§ Work request
Among the entries below, only the lines from the one with "To find 21%, what" through the one with "G'day YouTube. Today" are to be retyped, exactly and without pictures.

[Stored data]
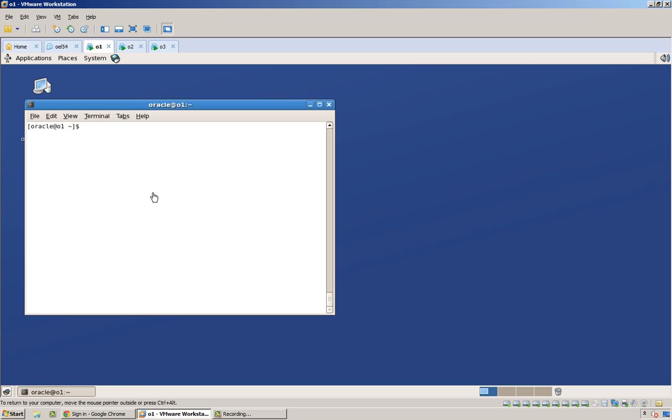Creating a database with a GUI is actually pretty straightforward, but what about from the command line? There's actually two methods of creating a database from the command line. One is with dbca silent creation, and the other would be actually just using the create database statement.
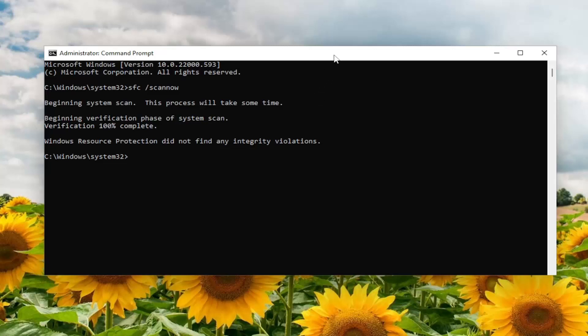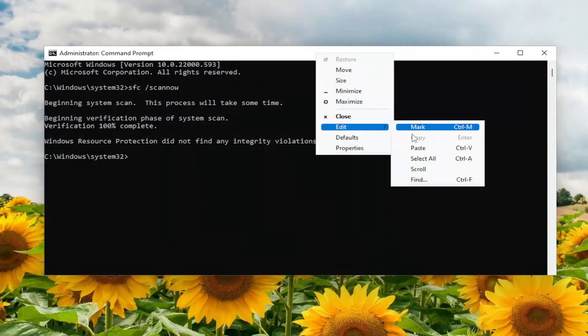So once that one is done, go ahead and copy the second command I'm going to have in the description of my video, and then paste it into the Command Prompt the same way we did the first one.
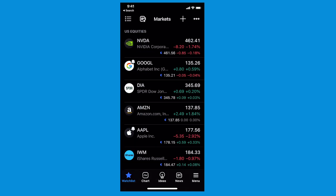Thanks so much for watching. This is the watch list feature on the TradingView app — it's free, so go get it. Be sure to try all of these features and tools, and we look forward to hearing your feedback. Subscribe to us on YouTube, press like, and leave a comment.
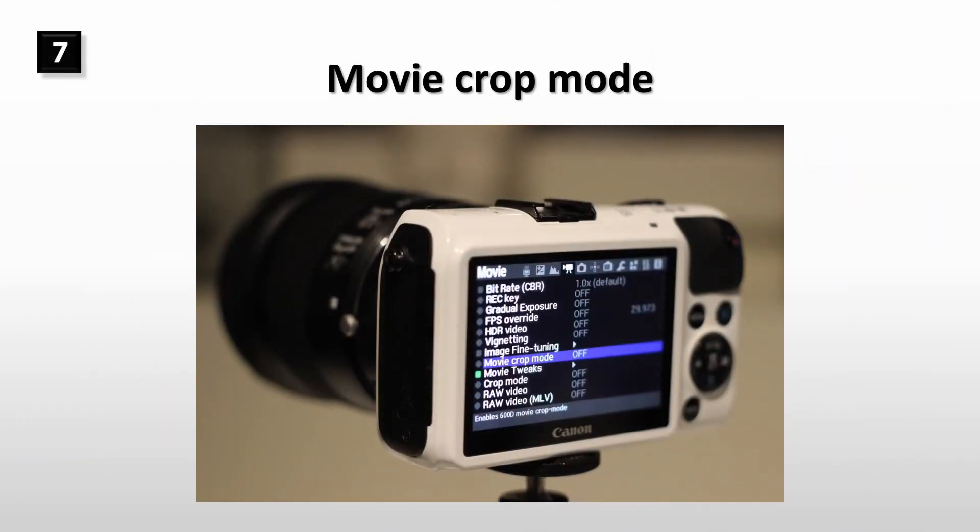Based on my experience I can recommend all EOS M camera owners to use movie cropped mode. It gives you very smooth workflow and the best video quality. Only downside is the 3x zoom effect, so you need to use wide angle lens to shoot wider landscape scenes.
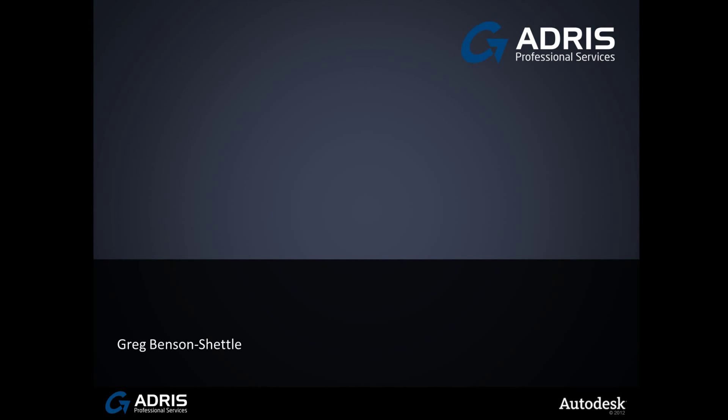Hello and welcome to another video presentation from Adris Professional Services. My name is Greg Benson-Shettle. I'm an application engineer here at Adris Limited.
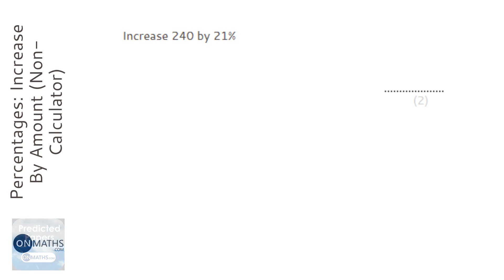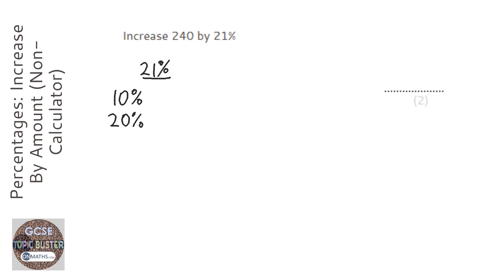To find 21%, what we can do is find 10%, then we can double it to find 20%, and we can divide it by 10 to find 1%.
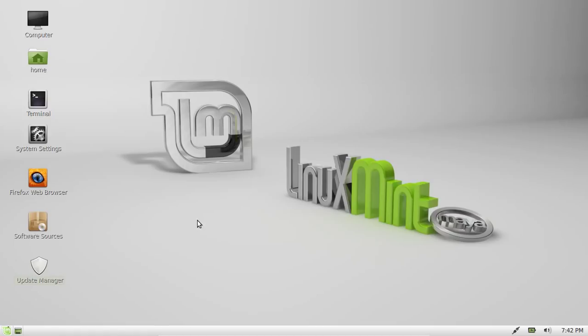G'day YouTube. Today I'm going to show you how to create your very first Hello World Python application in Linux Mint.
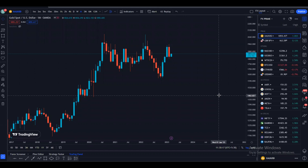Hello friends, welcome to another weekly top-down analysis video on gold and GJ. As usual, we are going to start our analysis with the monthly time frame and then go down to lower time frames: weekly, daily, four hour, one hour, and 30 minutes. On the higher time frames we will find the overall direction of the market, and on the lower time frames we will find intraday and scalping setups.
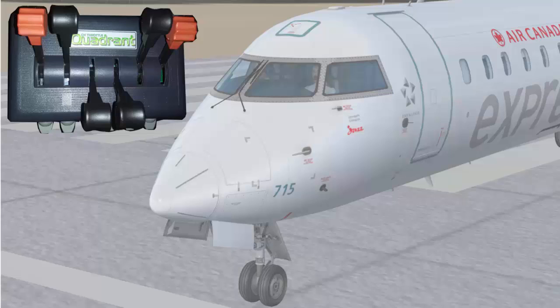In this tutorial, I want to share with you the way I configure my throttle quadrant specifically for the Aerosoft Digital Aviation CRJ. And if you want to use and follow my method, you must have the FSUIPC add-on installed in your flight simulator. If you don't have it, you will find the link in the description box below this video.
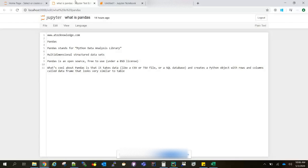Pandas full form is Python Data Analysis Library. As the name says, it's mainly used for data analysis. With Pandas, you can create multi-dimensional structured data sets.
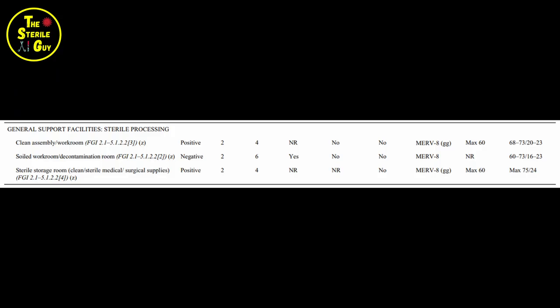Looking at this snippet again, you can see that the clean areas are positive pressure and decontam is negative pressure. I spent a lot of time on these graphics because I want to give you the best possible chance to fully understand how the air movement works within sterile processing. In this first graphic, I'm going to show you a standard hospital waiting room area — a balanced room. Whatever comes in is what goes out. There's no positive, there's no negative pressure — it's just balanced.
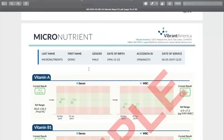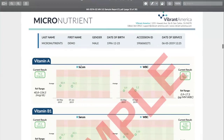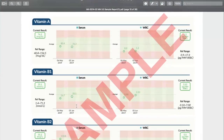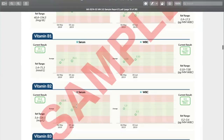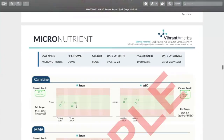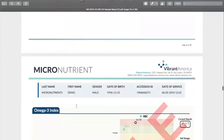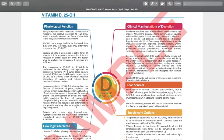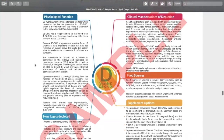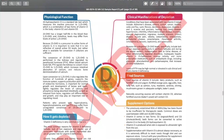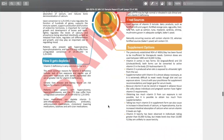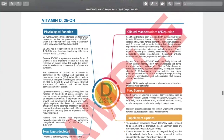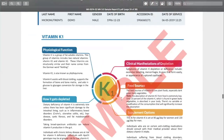If you want to dive even deeper and look at values in relation to the reference ranges, that's the next section — it's the same information presented in a slightly different format. Scrolling past all of these, the last feature of the report — which many people miss — is that for all nutrients with abnormal values, we give you a detailed breakdown of the nutrient: where it comes from, how it can become depleted, clinical manifestations of depletion, food sources, and supplementation options.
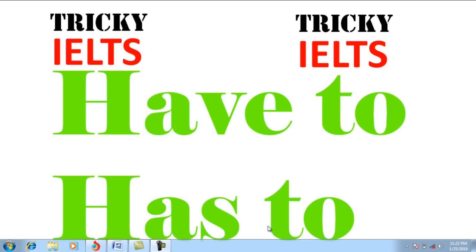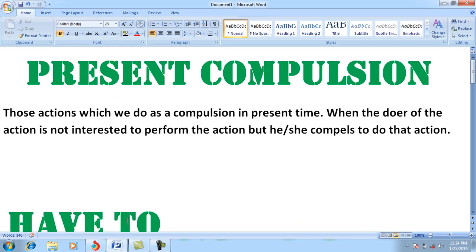Have to and has to are used for those actions or activities when the doer of the action is not entrusted — he or she is not entrusted to perform the action willingly. In that case we use the modal words 'have to' and 'has to.' These express present compulsion: those actions which we do as a compulsion in the present time, when we are not ready to perform something but we are compelled to do so.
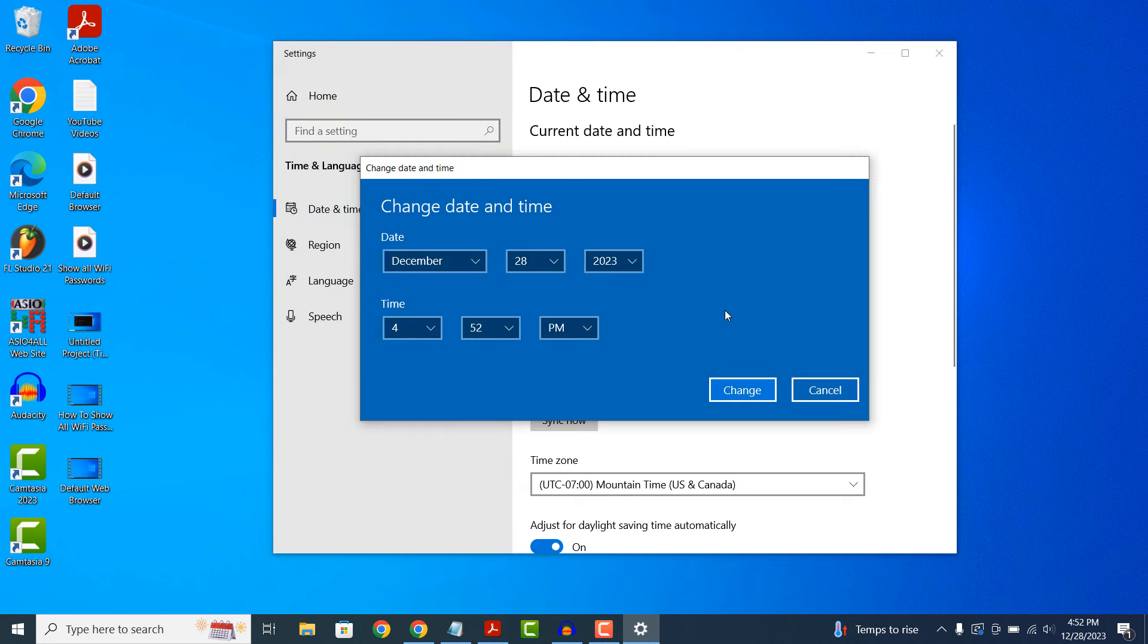A change date and time modal will now appear. From here you can manually change the month, day, year, hour, minute and whether it's AM or PM. If you decide to update the date or time from this modal, you'll see the change immediately once you click on the change button.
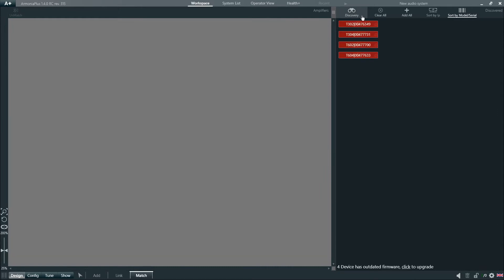All the devices that are currently connected to our network will appear on the screen. And just below, we will see the number of amplifiers with an outdated firmware.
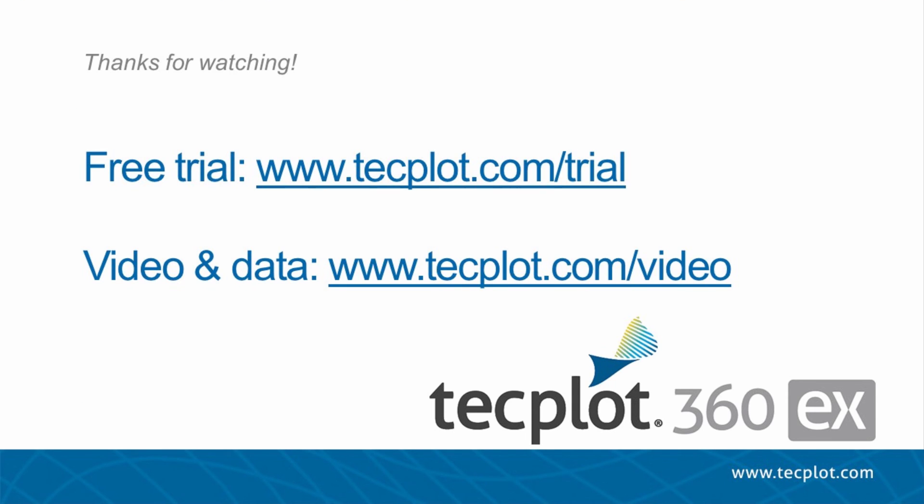This concludes the tutorial on stylesheets and layout file types. You can download a free trial of TechPlot360EX on our website, and thank you for watching.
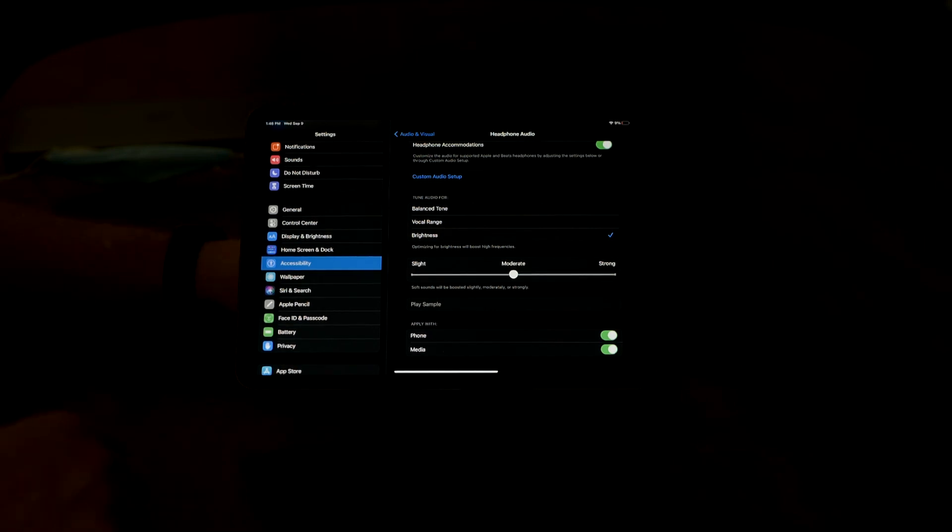So headphone accommodations and headphone audio adjustments. There you go. And that's your tech tip for this week. My name is Brian Norton with the INDATA Project at Easterseals Crossroads in Indiana.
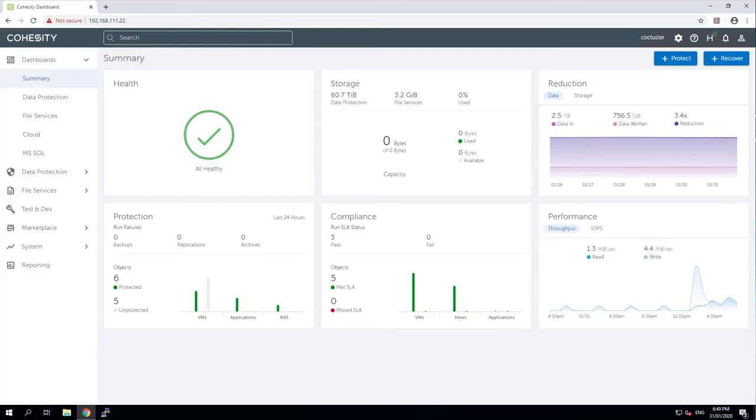Welcome to another video where I document my learning about the Cohesity Data Management Platform. My name's Alistair Cooke and in this video I will be taking a look at using the Cohesity Data Management Platform to protect physical servers, like the one that you see in front of you right now.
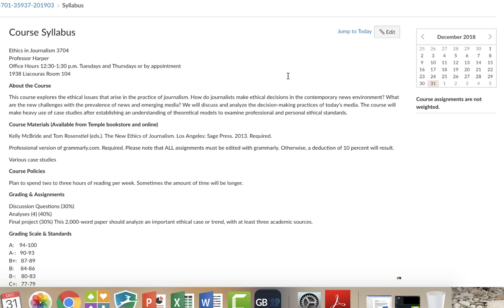So I'm just going to go over the syllabus briefly. The course explores ethical issues that occur in journalism, but also to give you kind of a wider view of how ethics works in societies. So how do you make ethical decisions? There are a lot of problems that are occurring in news organizations today.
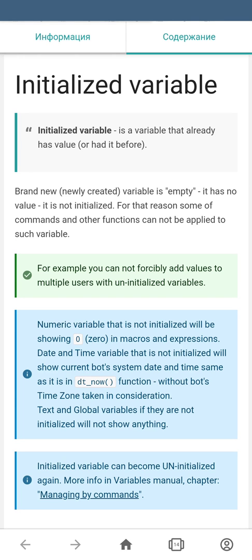An initialized variable is a variable that already has a value or had one before. The brand new, newly created variable will be empty and will not have any value. Every newly created variable is not initialized.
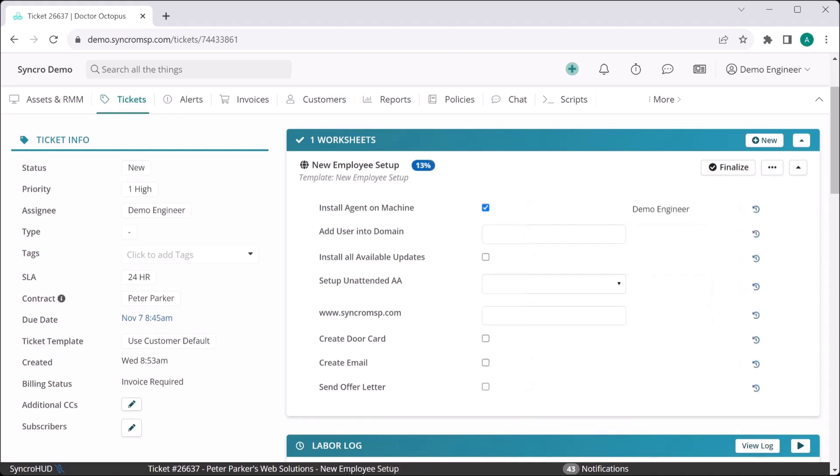As you begin completing tasks, you'll see a rundown of who completed the task and what percentage of the overall worksheet is complete in real time.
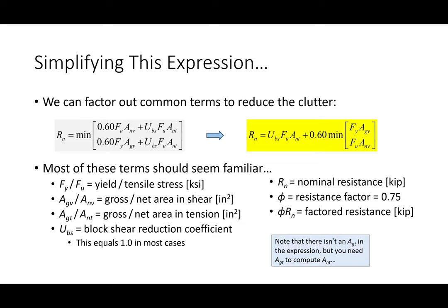Going back to this expression: block shear is a combination of failure in tension and a failure in shear. The way this is formatted, I have all my tension stuff here and all my shear stuff here. What's common with all the shear terms is that 0.6 factor. So why is there a 0.6 attached to shear?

§ Solution
To find 21%, what we can do is find 10%, then we can double it to find 20%, and we can divide it by 10 to find 1%.
G'day YouTube. Today I'm going to show you how to create your very first Hello World Python application in Linux Mint.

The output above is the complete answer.